I. Landasan filosofis
Kalau membicarakan landasan filosofis pasti tidak jauh dari yang namanya filsafat, sebelum membahas lebih jauh kita artikan dulu apa sebenarnya filsafat itu.
Filsafat berasal dari 2 kata yaitu "philos" = cinta dan "sophia"= kebijaksanaan atau dengan kata lain filsafat artinya cinta secara mendalam terhadap kebijaksanaan, cinta akan kearifan. Tiga ciri utama dari pemikiran filasafat yaitu : radikal, sistematis dan universal. Pemikiran radikal = berpikir samapai ke akar-akarnya; Pemikiran sistematis = berpikir logis selangkah demi selangkah, adanya urutan yang jelas; Pemikiran universal =berpikir secara menyeluruh tidak terbatas pada hal-hal tertentu. Pemikiran radikal ditunjukkan dengan ketika menyusun bintang kita harus memikirkan apa yang akan terjadi jika mengkaitkan 1 bintang dengan yang lain, bisa patah atau gimana. Pemikiran sistematis tampak pada arah bagaimana tusuk yang satu dikaitkan tusuk berikutnya misalnya setelah 2 tusuk selesai, maka batang yang lain harus dipasang ke mana (ke arah atas,bawah). Selain itu dalam melaksanakan tugas ini kita juga harus bekerja keras terutama dalam hal berpikir karena kita perlu berpikir bagaimana bintang ini bisa terakait, harus mulai dari mana dan bagaimana langkah selanjutnya. Selain itu kelompok kami juga termotivasi oleh perkataan Bu Dina karena sebelum kelompok kami berhasil membuat bintang ada 2 kelompok lain yang sudah berhasil. Motivasi internal dalam diri saya dan kelompok saya cukup tinggi agar terselesainya tugas merakit bintang.


II. Landasan sosiobudaya

kalau dalam landasan sosial budaya bisa dilihat bagaimana kita sebagai satu kelompok saling bahu membahu untuk menyelesaikan tugas membuat bintang. Kekompakan kelompok benar-benar diuji dalam hal ini. Sejauh mana kita saling memback up satu sama lain. kita belajar untuk menghargai pendapat orang lain karena setiap anggota kelompok memiliki ide yang berbeda-beda tentang bagaimana cara merakit ide dimana kita berusaha untuk menyatukan ide-ide yang ada agar tercipta sebuah solusi. Gabungan ide dari kelompok lebih baik daripada dari 1 orang saja. Bagaimana Pembagian tugas yang kami lakukan(misalnya ada yang memegang dan ada yang merakit) dan juga adanya kerjasama yang baik untuk mencapai tujuan kita (yaitu memasang 5 batang lidi menjadi sebuah bintang).
Sebagai kesimpulan pelajaran yang saya peroleh dalam merakit bintang ini adalah kekompakan,kerja keras dibutuhkan agar suatu tugas dapat terselesainkan dengan baik.
Daftar Pustaka
Salam, Burhanuddin. (2002). Pengantar Paedagogik. Jakarta : Rineka Cipta
Penulis : Katherine
Tanggal : 19 Februari 2010

Friday, February 12, 2010

Tugas merakit bintang dengan tusuk gigi yang wooww!! :)

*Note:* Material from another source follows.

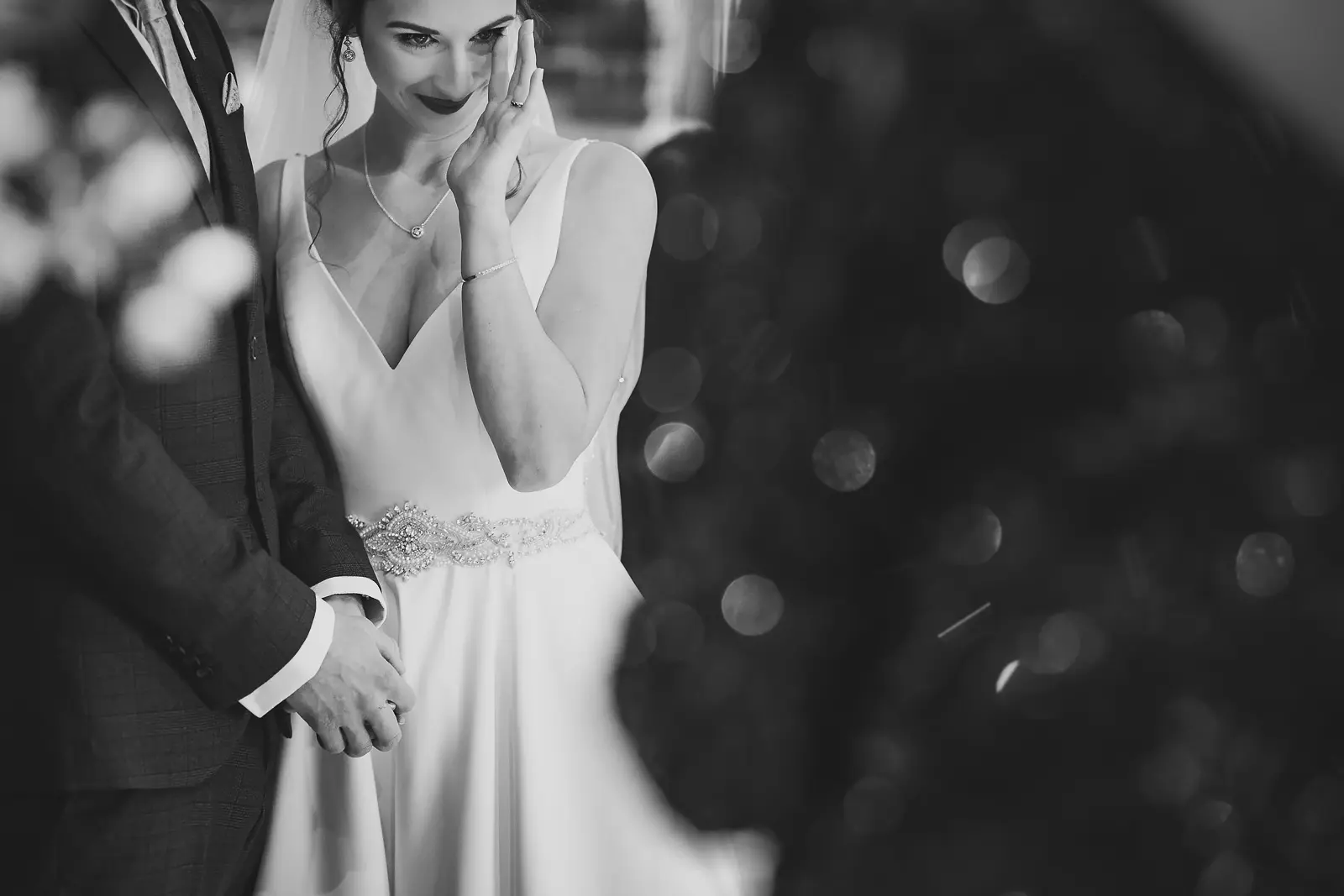 Black and white close-up of bride smiling through tears as she wipes her eye during the wedding ceremony, in a v-neck gown with a crystal beaded waistband, Dorset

Hari Kamis lalu (11 Februari 2010), kami diberi tugas oleh Bu Dina, tugasnya yaitu membuat rangkaian bintang yang tidak lepas dari 5 batang tusuk gigi dan akhirnya perjuangan kami pun dimulai.

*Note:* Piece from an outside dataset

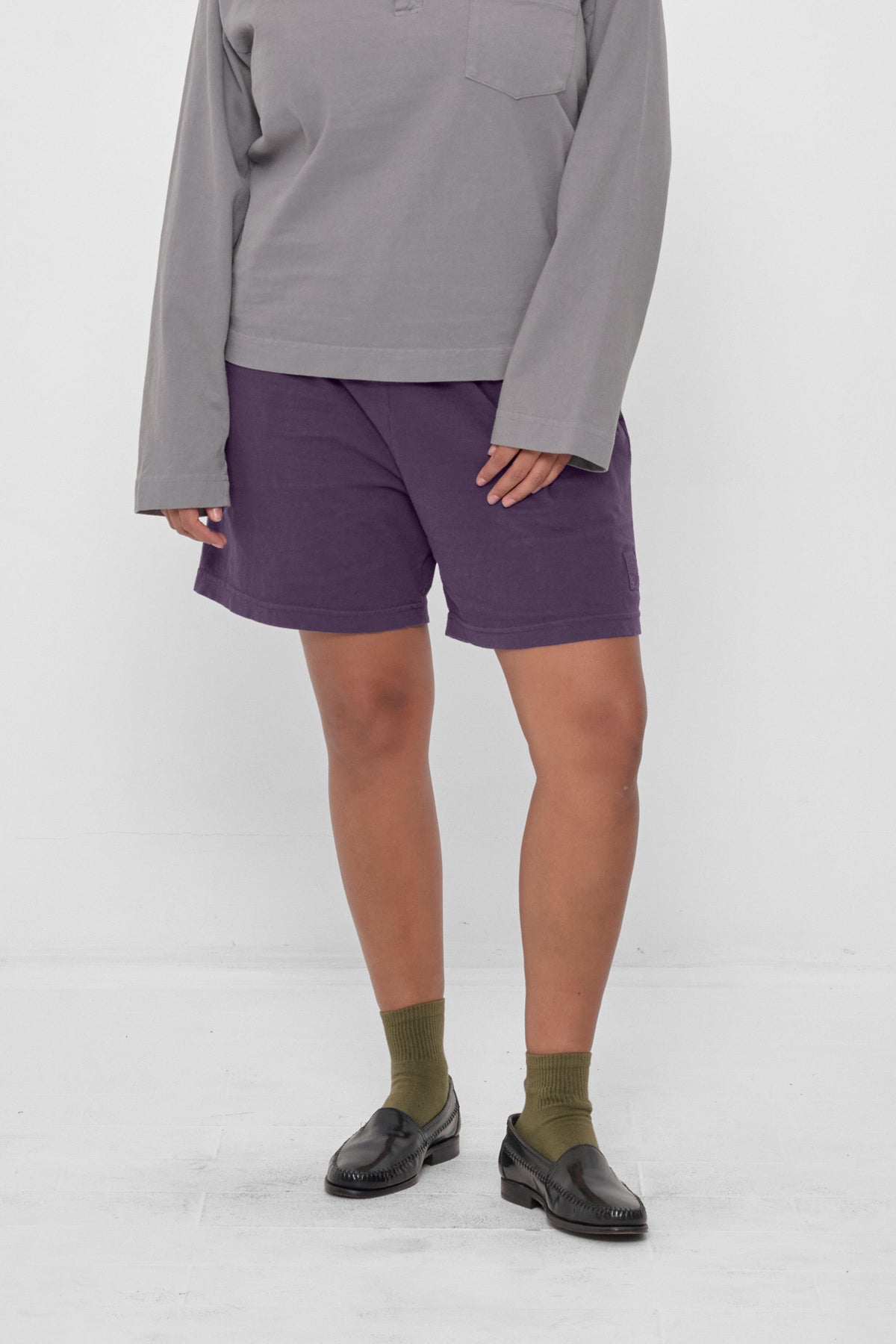Everyday Shorts in Washed Mulberry - front view, model's hands to their side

Kelompok kami dengan susah payah merakit tapi tusuk gigi tersebut terlalu keras dan kalau patah tidak boleh ganti lagi dengan yang baru. Setelah sekian lama mencoba, rangkaian bintang itu tidak kunjung selesai.

Kemudian, karena tidak ada satu kelompok pun yang bisa merakitnya, maka Bu Dina membagikan 5 batang tusuk sate kepada masing-masing kelompok. Dengan menggunakan tusuk sate itu, kami mulai mencoba lagi. Pertama kami menggunakan metode trial and error,kemudian kami mencoba membuat sebuah gambar bintang terlebih dahulu di selembar kertas. Lalu, kami mulai menyadari kalau tusuk sate itu tidak akan bergeser bila tusuk satenya saling dikaitan dan saling tumpang tindih. Akhirnya, setelah 15-20 menit mencoba, dengan setiap anggota memegang ujung tusuk sate tersebut dan mengkaitkan ke hiasan, rangkaian bintang kami selesai.

Mengapa tidak bisa membentuk bintang dengan tusuk gigi, namun dengan tusuk sate bisa? Menurut kelompok kami, kendalanya yang dihadapai yaitu tusuk gigi yang terlalu pendek dan teksturnya agak keras sehingga tusuk gigi tersebut sulit untuk dikaitkan. Sedangkan tusuk sate agak panjang dan agak lunak dibagian tengahnya sehingga memungkinkan untuk dibengkokkan dan bisa dikaitkan dengan tusuk sate yang lain.